К тридцати трем годам Грушин стал полковником и получил на значение на должность областного военного комиссара. Переход из строя в военно-территориальные органы потребовал перестройки ориентации. Нужно было менять лидера.

Грушин выбрал для этой цели Леонида Викторовича Немцева — губернатора. Оставалось найти подходы к нему. И вдруг звонок…

Грушин понял — такого не бывает, чтобы сам губернатор звонил военкому: в гробу в белых тапочках он видел полковников при своем положении. А уж коли возникла необходимость встречи, значит что-то вынуждает губернатора искать подходы к нему.

Надо было пользоваться удобным моментом.

Немцев принял полковника в своем кабинете. Увидел входившего, встал, самолично преодолел двадцать метров и встретил гостя у двери. Крепко пожал руку, провел к столику для почетных посетителей и усадил в глубокое кресло. Все это время Грушин мысленно прикидывал, какому армейскому чину соответствует губернаторское положение — генерал-полковнику или генералу армии? Остановился на последнем — лучше уж перебдеть, нежели недобдеть.

Если бы он спросил самого Немцева об этом, тот бы со смехом рассказал историю, которая сразу бы сбила патетическое воодушевление Грушина.

Иногда, жалуясь московским друзьям на судьбу (не пожалуешься — будут завидовать). Немцев рассказывал о том, как родилось выражение о положении, которое хуже губернаторского.

В дореволюционной России на конезаводах, где выводили особо ценные породы лошадей, распалить кобылку перед случкой поручали беспородному жеребцу. Когда тот доводил партнершу до кондиции, в надежде сыскать ее благосклонность и та уже явно склонялась к необходимости уступки, беспородного жеребца уводили, а его место занимал высокопородный производитель.

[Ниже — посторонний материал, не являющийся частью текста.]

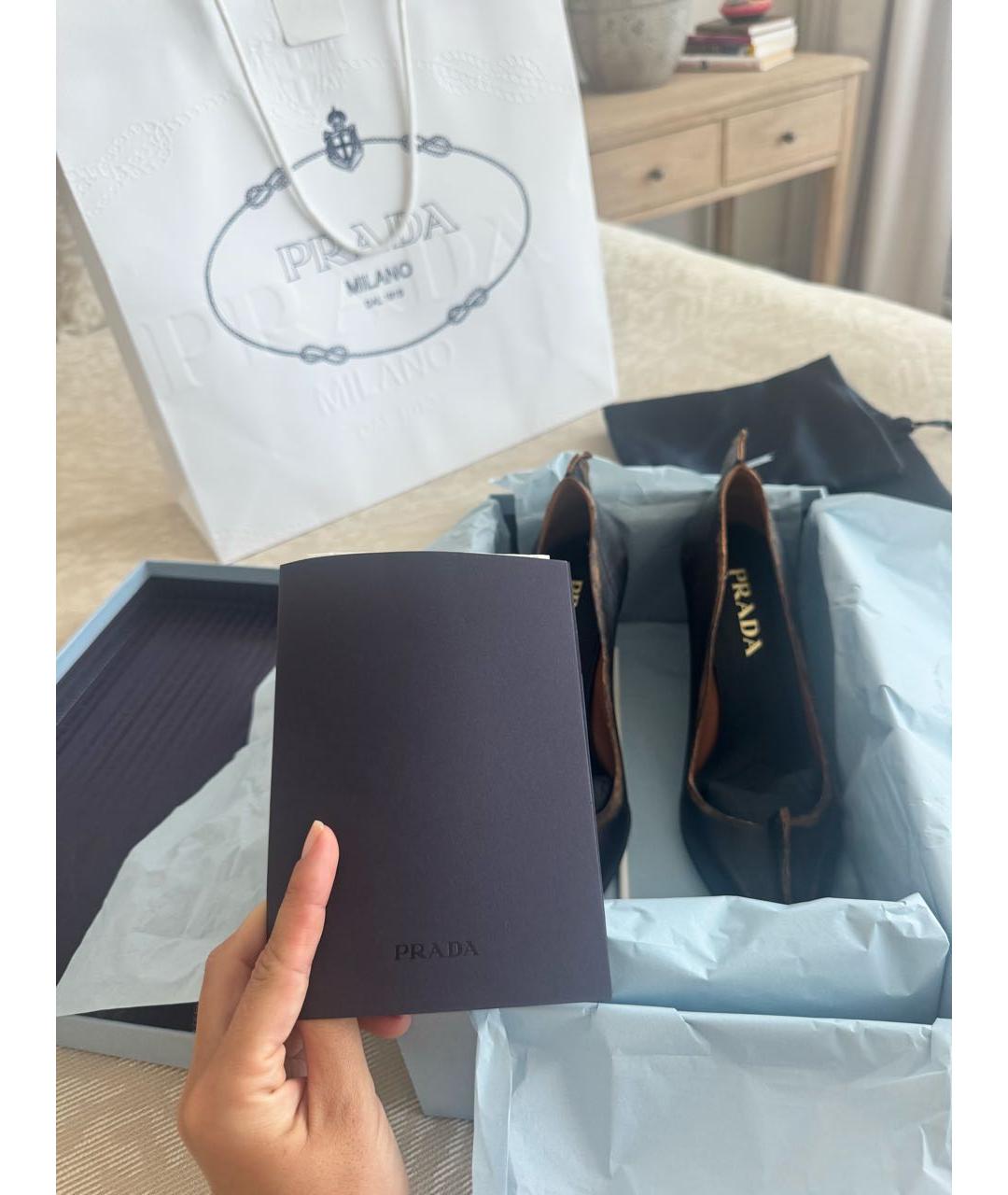 PRADA Черные кожаные туфли, фото 5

Коня, который брал на себя черновую работу любовного разогрева лошадки, по должности именовали Губернатором. А его участь коневоды расценивали так плохо, что дальше некуда. Потому и родилось выражение: «Положение хуже губернаторского».

Для Немцева складывалось нечто подобное, но Грушин о том ничего не знал и рвался вперед, готов был бить копытом.

— Как вы устроились, Федор Николаевич?

Такого рода вопросы, даже если они протокольные, задаются не часто, и Грушин знал — надо ковать железо, пока тебе это позволяют делать.

— Спасибо, не очень.

— Что так?

— Проклятый жилищный вопрос…

Рука губернатора легко дотянулась до клавиши интерфона.

— Зайдите.

Беззвучной тенью с вежливо склоненной головой в кабинет проскользнул верный Харин.

— Юрий Платонович, будьте добры, позаботьтесь о полковнике. Оказывается, наш военком живет по-спартански на служебной площади. Не буду давать оценок, вы уж разберитесь сами. И немедленно. Лучше сегодня. Сейчас.

— Понял. — Харин мотнул головой как конь, которому натянули поводья. И тихо, требуя уточнения, спросил: — Двух-комнатная?

— Юрий Платонович, зачем мельчить? Лучше трех… Я так думаю, Федор Николаевич?

— Так точно! — В порыве энтузиазма Грушин встал и вытянулся. — Сердечно благодарю, Леонид Викторович! Да вы садитесь, садитесь.

Немцев улыбался.

Когда Харин вышел, губернатор сосредоточенно смотрел в окно и молчал. Грушин в свою очередь глядел на него преданным взглядом и ждал, какие указания должны последовать дальше.

— Федор Николаевич, у вас есть сын?

— Так точно.

— Разгильдяй?

— Пока нет, но будет.

— А у меня- уже. И вот… — Скорбное лицо, задумчивые глаза. — Парня надо спасать.